How this idea occurred to me was one day I was doing my usual activities getting ready to deliver lunches to our customers. This job, on a good day requires concentration. However, on a typical, three last minute orders kind of day, I need to apply all my meager focusing skills to pack the appropriately labeled paper bags with the correct order, including toppings, dressings and cutlery.
I know I make it sound easy, but a short order cook I ain’t, and organizing a bunch of bags with the right names and the right stuff inside is daunting. But I do it and I’m getting better at it. At least I haven’t forgotten the Energy Salad toppings in a while, and that’s my ‘doing good’ criteria.
I have left the best until last, and the reason for this post, in case your mind was beginning to wander.
We accept credit cards as well as Pay Pal and cash. I have to manually process the credit cards by punching in the card numbers, expiration date etc. What happens in eight out of ten times, if I don’t focus completely on typing the numbers in I will inevitably make a mistake and the card will come up as faulted. That is, I can’t talk to Joan, nor can I listen to her should she ask me a question. I can’t even take a sip of mind stimulating coffee, I must just pay attention to what I’m doing, and if I do, I achieve success and the card goes through.
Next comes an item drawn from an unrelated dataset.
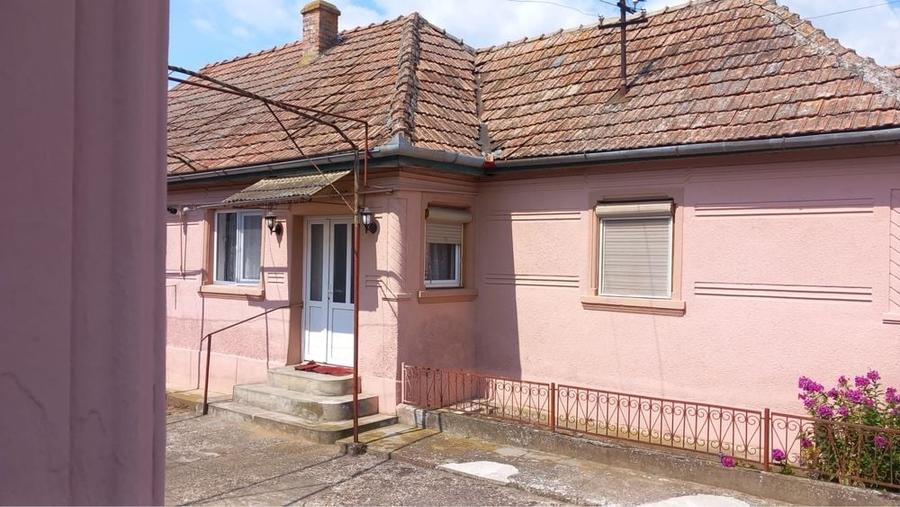 Casă cu 4 camere în Bucerdea Grânoasă
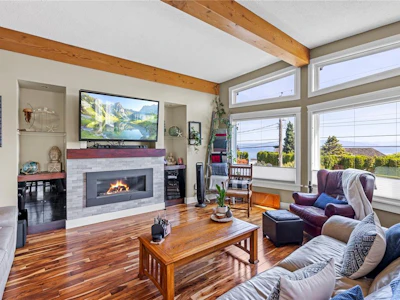 885 Glenhale Crescent - 3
If I chat or get otherwise distracted I end up having to do the whole thing all over again, and that gets old real fast.
So if we expand this little insight into the larger world out there, the implications are enormous, at least for me, the queen of doing too many things at once. Should I choose to focus on the task at hand, be it talking on the phone, and not leafing through a catalogue, or walking and listening to the birds and not music, I suspect my enjoyment would be greater and the experience richer.
In considering this, I think one of the only times I really concentrate is when I’m working on the computer, and maybe that’s why I like it so much. I am listening to The Art of Happiness at Work by the Dalai Lama (while I’m driving around delivering lunches) (how ironic) and he is talking about satisfaction right now, and how there is sometimes a problem being satisfied at work. I’m finding if I focus and concentrate on the job at hand I feel more satisfied and fulfilled, even with a menial job, than I do flitting about fussing with a bunch of things and not doing any of them well.
What about you?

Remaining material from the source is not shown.